The idea of different students with different needs appear again here. Not every student wants to “become a mathematician” and not every student finds complex topics in mathematics as “useful.” Hence, when a teacher plans for a lesson she should take students’ different interests into account. A teacher should reach out to all students and make sure that everybody did understand the requirement for their grade level. Yet, at the same time, he/she has to motivate students and set high expectations so they will be pushed to do their best and not just settle with a minimum achievement. Being a good teacher is setting your students for success.

Teachers' interview report

This interview was conducted with a high school math teacher from the east end of Vancouver, where she has taught Math Essentials (Grades 8 through 10) for the past two years.  Much of what this teacher revealed in her interview confirmed what we’d expected to find in a typical math class.  In her interview, the teacher discussed how maintaining class discipline and getting her students motivated and involved in her class were often the most difficult parts of her job.  She found the students who were the most disruptive in her class often happened to be the ones who were struggling the most with the material that was being taught.  One way in which this teacher tries to address this issue is by giving all her students a clear set of goals and guidelines.  With these goals clearly defined, the students know what objective they have to work towards.  The goals may vary for each student; for some students, the goal may be to get an A as a final mark in the course, while for others it may be to simply improve their understanding of topics they hadn’t understood very well in previous years.  In each of these cases, the one thing this teacher makes sure to do is to ensure that each student is aware of the goal he or she is individually striving towards.  This way, the students can evaluate and re-evaluate themselves throughout the term or semester and reflect on how they’re doing towards reaching their goal.  The teacher found this method helped to enable students to take more of an initiative in their learning or “ownership of their own work,” as she likes to calls it.

            Another technique this teacher uses to keep her students involved in her classroom is giving her students different responsibilities.  These responsibilities can at times be academic (ie, giving out bonus assignments as a challenge) or they can be simple classroom tasks like writing the homework on the board, helping to hand out worksheets, etc.  What the teacher found with this approach was that students felt more engaged in her class and made them more comfortable to participate in class activities.

            A part of the interview that surprised us occurred when this teacher was asked which grade level she found most challenging to teach mathematics.  Her response of Math 8 was not entirely unexpected but her reasons behind this answer were interesting and something we as teacher candidates had not considered before.  The teacher found Math 8 to be more demanding to teach at times not because eighth graders usually have more energy thus require more attention; instead, the teacher found it more difficult to teach because in this grade, the teacher usually spent a lot more time teaching basic learning skills not directly related to math than she did at any other grade level.  Examples she discussed included teaching students how to write homework in their agenda, instructing them on how to take good notes, getting them to all show their work in a neat and organized manner, etc.  The teacher found teaching these skills ate into a lot of their class time, making it stressful for her to get her students through all the material in the curriculum.  We find this to be of interest because it was something we had not given any thought to until now

            In summary, we found this interview to be very informative and helpful to us as teacher candidates.  Teaching can at times be very challenging career but it is also obviously a very rewarding and enjoyable one as well.

Micro Teaching Comments

                                   Balancing Objects

The group comments

The feedback for my lesson was very encouraging.  Everybody mentioned that the lesson was clear from beginning to end.
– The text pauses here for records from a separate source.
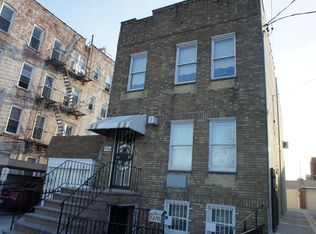 1270 64th St, Brooklyn, NY 11219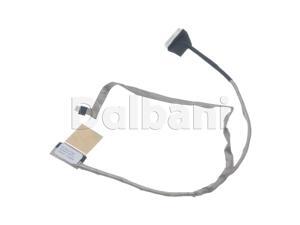 BA39-01134A Laptop Video Cable Samsung NP305V5A NP305E5A BA39-01134A Laptop Video Cable Samsung NP305V5A NP305E5A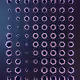 589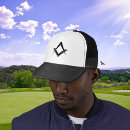 Recherche de freemason casquettes Illuminati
The group enjoyed the lesson. They thought that it was a very hands-on activity. Everybody got to participate. They felt that they learned a new concept in physics in a fun way. Despite the fact that I mentioned verbally what we were going to learn, one person from the group suggested that she would have liked to see the structure already built at the beginning of the lesson so everybody would know what they are going to do. That is a clear indication that different students have different needs and learn differently and the teacher should be aware of these needs and structure his/her lesson to meet those needs.

My comments

I was happy about the lesson. I felt that it went really well. The group was excited to be involved. Everybody got the chance to repeat the process of building the structure on their own and was able to succeed at balancing the objects. The only thing I missed is the pre-test. It was embedded in the bridge rather than performed separately despite the fact that I planned for it in my lesson plan.

 It was great that we got the chance to look at the group feedback and to reflect on our own lesson at the same time. Part of being a lifelong learner is to accept people constructive criticism and to assess our own work constantly with the determination to improve and grow.

Burning Questions

Students

1) What do you usually do when you face a challenging problem?

2) How often do you use mathematics in everyday life situations?

3) Do you prefer to solve problems alone or with a group?

4) What motivates you the most in a mathematics classroom?

5) What do you like/hate about mathematics?

6) What kind of math teacher you dislike the most?

7) Would you rather have a teacher teaching you relatively easy stuff and give you an A- OR a teacher teaching you relatively difficult stuff and give you a B+

8) What advice/suggestions would you give new math teachers?

Burning Questions

Teachers

1) How do you balance authority and care?

2) What are the issues that keep coming back every year?

3) How do you keep the students involved and motivated?

4) Why did you choose math teaching as a profession?

5) How do you cater for individual differences?

6) For student teacher, which grade level is more challenging to teach, grade 8 or grade 12?

7) Assuming you are a sponsor teacher, what would you do if a student makes a

     conceptual mistake in your math class?

9) Assuming you are a sponsor teacher, in evaluating a student teacher, will you value

     instrumental teaching ability over relational teaching ability or vice versa?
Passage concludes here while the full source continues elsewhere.